The bad news is that your understanding of the coordinates x, t, x', t' is badly jumbled . The good news is that your last sentence asks a good question, so let's start with it:
Q: "how can I be certain which object in a question is the 'moving' one, and which one is the 'stationary' object?"
A: You just "name" them that way! You can even switch the "names" around, but once you do, you need to stick to your chosen denomination. This is what the principle of relativity is about: there really isn't a truly "stationary" or a truly "moving" frame/object/observer. To avoid the confusion altogether, let's just call one A and the other B. Now we can deal with the main question.
Q: "what the variables represent in the Lorentz time and distance transformations"?
A: Say both A and B observe an event E and measure separately where and when E takes place. The Lorentz transformations relate the position and time of E as measured in frame A (or by observer A) to its position and time as measured in frame B (or by observer B):
Say in frame A, E is observed at position $x_A$ and time $t_A$.
In frame B the same E is seen at position $x_B$ and time $t_B$.
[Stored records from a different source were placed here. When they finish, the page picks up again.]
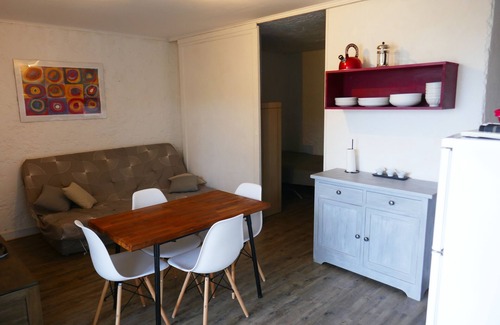 Marine de Saint Ambroggio House | Cozy House with Breathtaking Sea View in Balagne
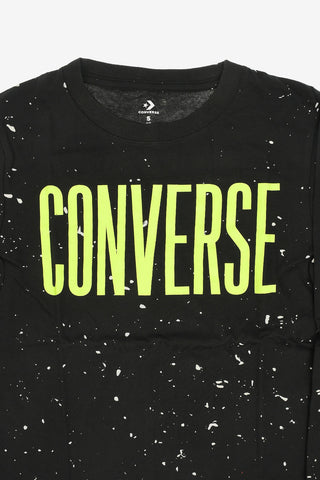 Patterned T-shirt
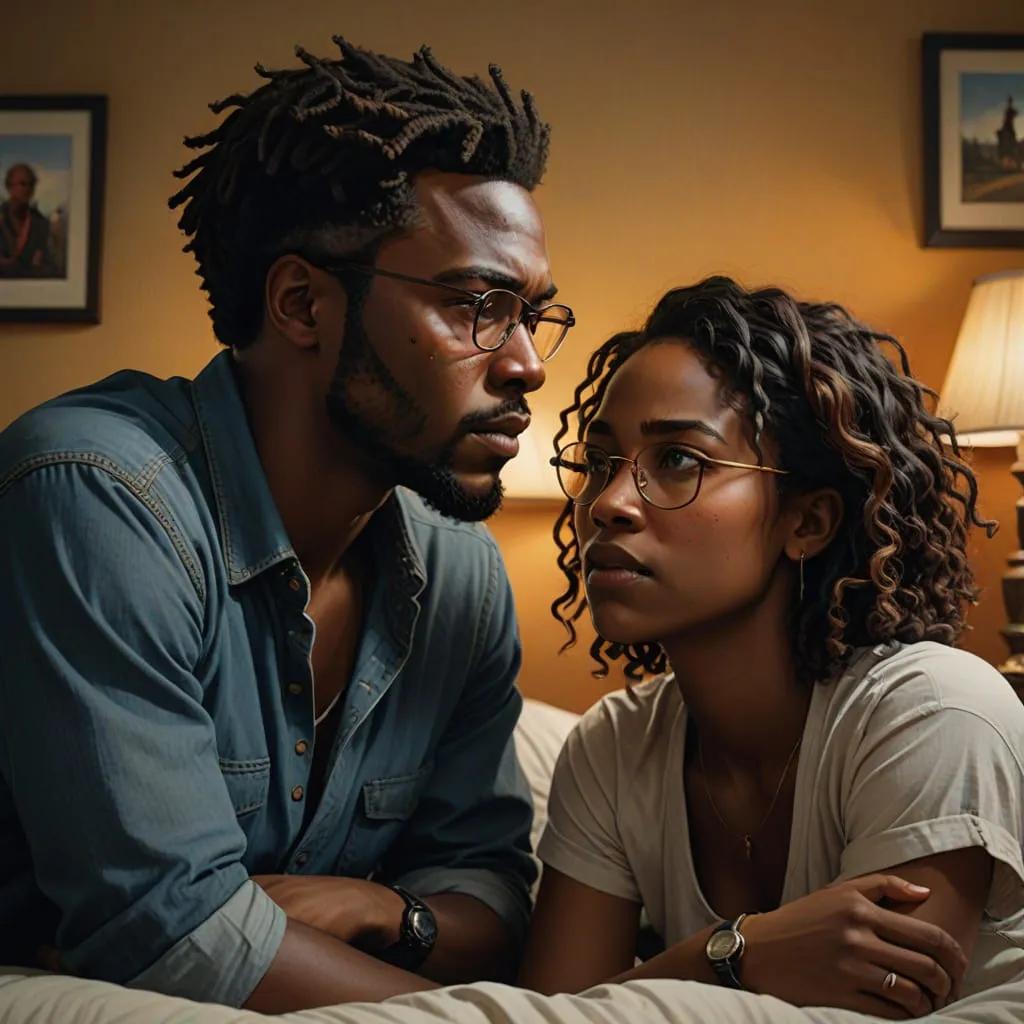 🔞Detention - Bully Guy, Nerdy Girl - Teaching how to scream✅️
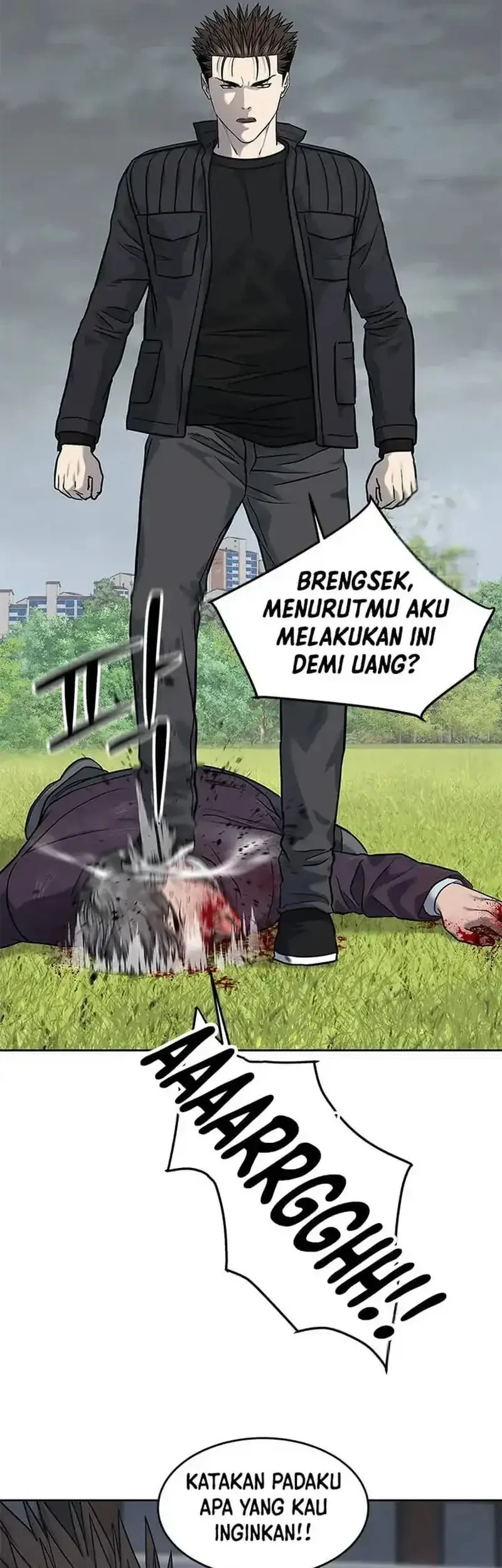 Chapter 220 - halaman 29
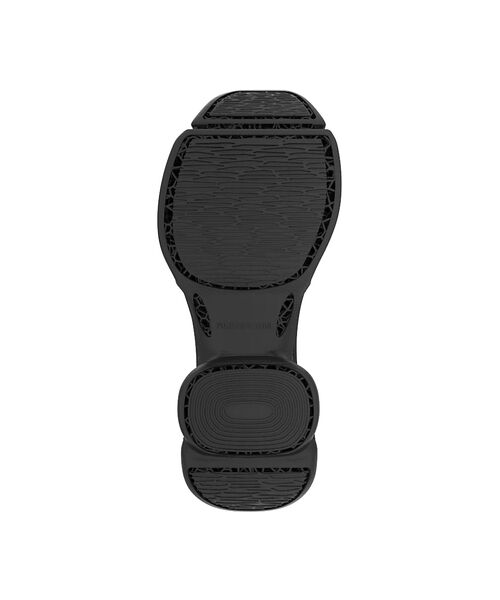 alfredoBANNISTER / アルフレッド・バニスター スニーカー | 【ALIVEFORM】FLAINE HYBRID MID | 詳細3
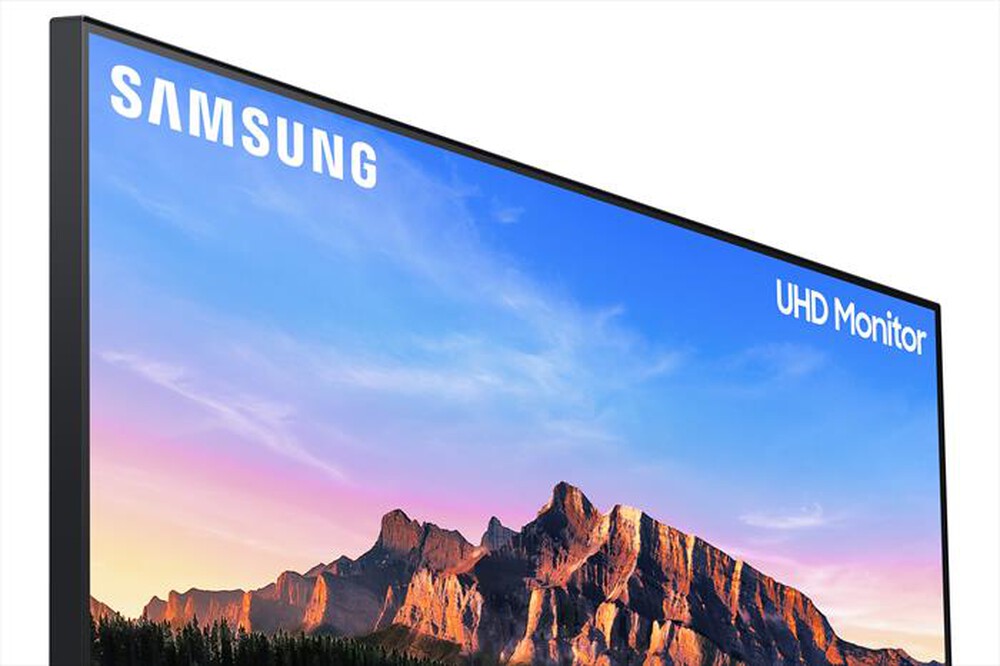 Immagine del prodotto SAMSUNG - MONITOR HRM SERIE UR55 DA 28'' UHD FLAT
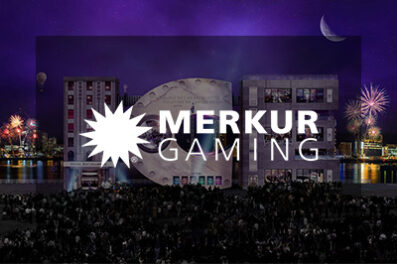 Merkur Gaming отказался от участия в крупной игорной выставке ICE London 2022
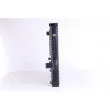 Radiateur, refroidissement du moteur NISSENS 60623A - Visuel 3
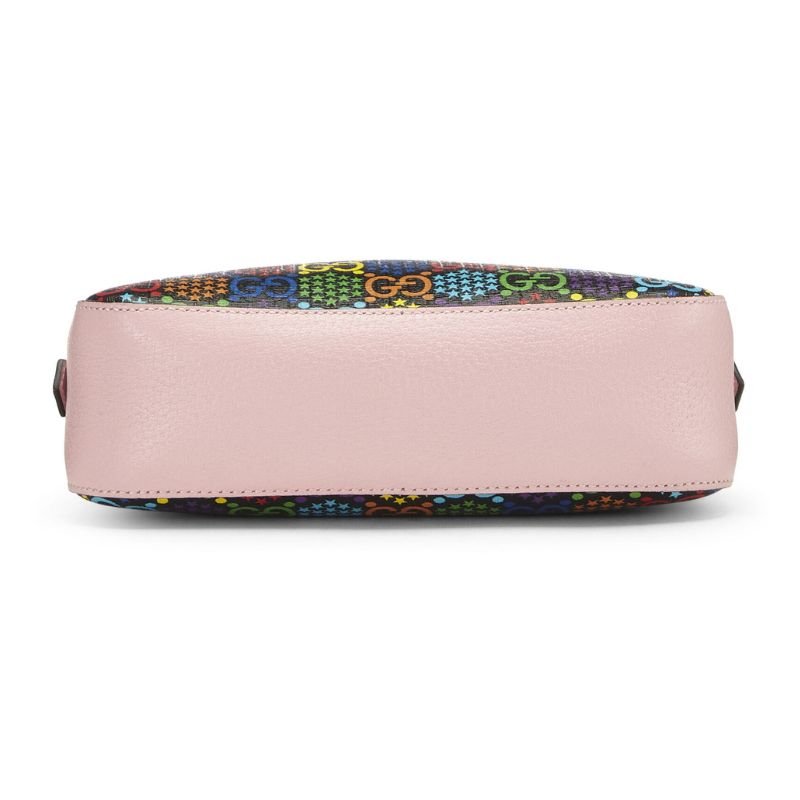 Gucci GG Psychedelic Camera Bag &#39;Multicolor&#39; - Im Your Wardrobe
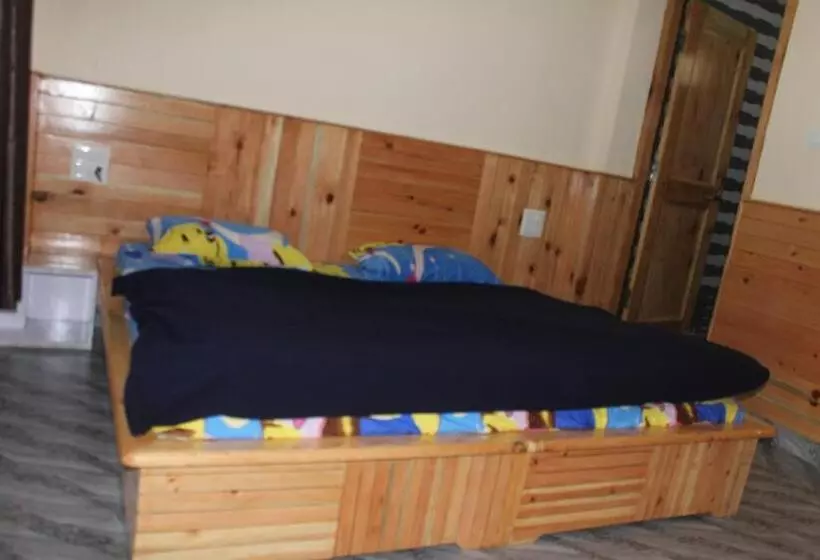 ペンション Destination Of Choj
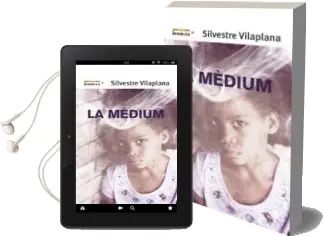 Descargar AudioLibro La Medium (Catala) de Silvestre Vilaplana año 2016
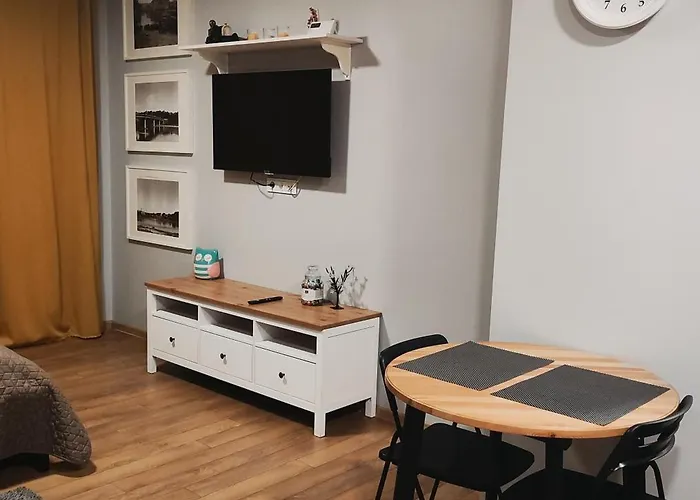 Old Slabada Apartamento Kaunas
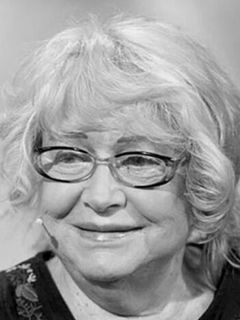 Людмила Цветкова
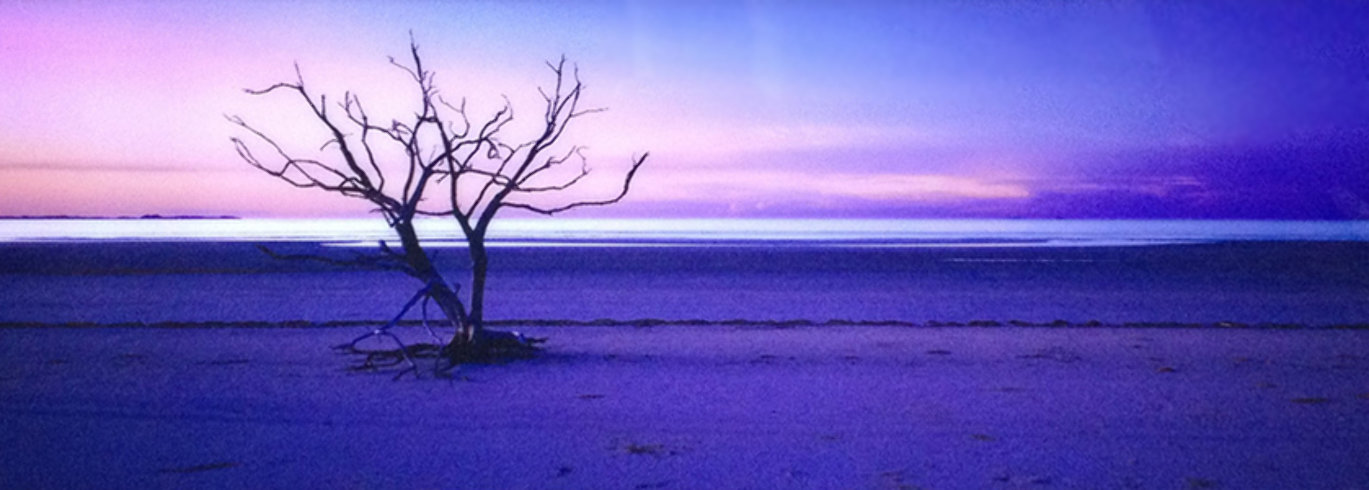 Solitude Cape (York, Queensland) Panorama by Peter Lik Solitude Cape (York, Queensland) Panorama by Peter Lik
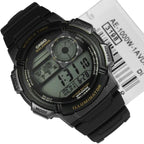 Casio Men's Watch - AE-1000W-1AVDF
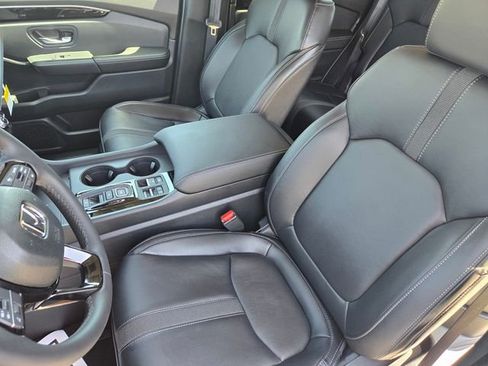 New 2026 Honda Passport RTL image 17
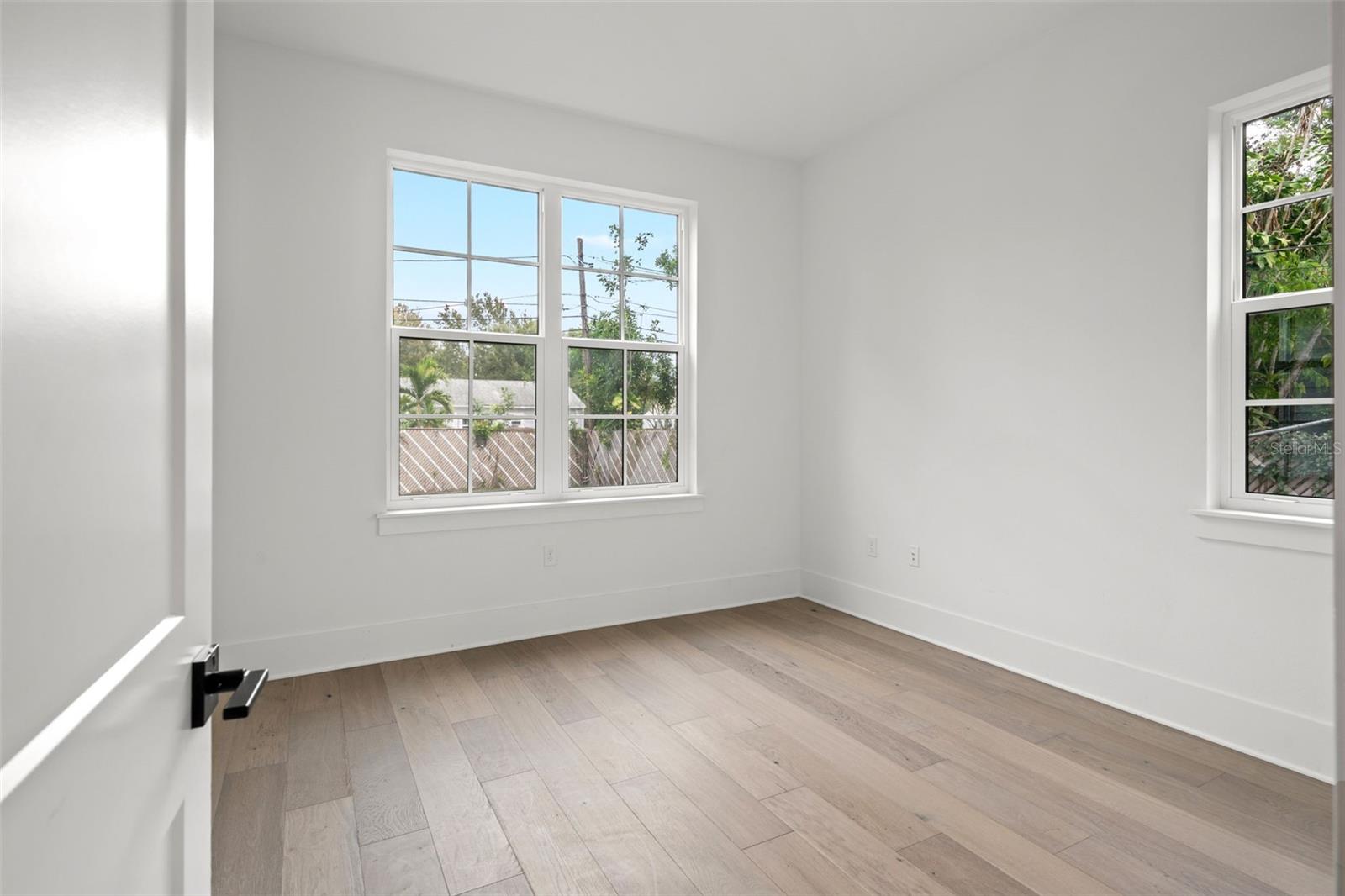 ALLENDALE TERRACE - Residential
If B moves at velocity $u$ relative to A, as seen from A, then the Lorentz transformations tell us that
$$
x_B = \gamma(x_A - u t_A) \\
t_B = \gamma(t_A - \frac{u x_A}{c^2})
$$
where $\gamma = \frac{1}{\sqrt{1-\frac{u^2}{c^2}}}$. Conversely, as seen from B, A moves relative to B at velocity -u, and the Lorentz transformation from B to A reads
$$
x_A = \gamma(x_B + u t_B) \\
t_A = \gamma(t_B + \frac{u x_B}{c^2})
$$
To get to your original notation and definitions, let's identify
$x_A \rightarrow x$, or the position where E occurs in the "stationary" frame
$t_A \rightarrow t$, or the time at which E occurs in the "stationary" frame
$x_B \rightarrow x'$, or the position where E occurs in the "moving" frame
$t_B \rightarrow t'$, or the time at which E occurs in the "moving" frame
Notice that the terms "proper time" and "proper length" do not appear at all up to this point. We can say that time $t_A$ ($t_B$) is the proper time of frame A (B), but we cannot attach a proper time to event E unless we know that it concerns an object C that "co-moves with"/"is stationary with respect to" frame A (B). If C is co-moving with A (B), we can also call the length of C as seen in A (B) the "proper length" of C. If however C is moving with respect to both A and B, we cannot identify the coordinates of event E in frame A or frame B as "proper" coordinates.
For example, say A is the frame of Earth and B is the frame of a spaceship moving away from Earth at relative velocity u (as seen from Earth). Then $x_A$ and $t_A$ are the position and time of event E as measured from Earth, while $x_B$ and $t_B$ are the position and time of E as measured on the spaceship. If E occurs on Earth we can say that its proper-time is $t_A$, if it occurs on the spaceship, its proper time is $t_B$. But if E occurs on a space probe moving away from both the spaceship and Earth neither $t_A$ nor $t_B$ are its proper-times. Same goes for object lengths.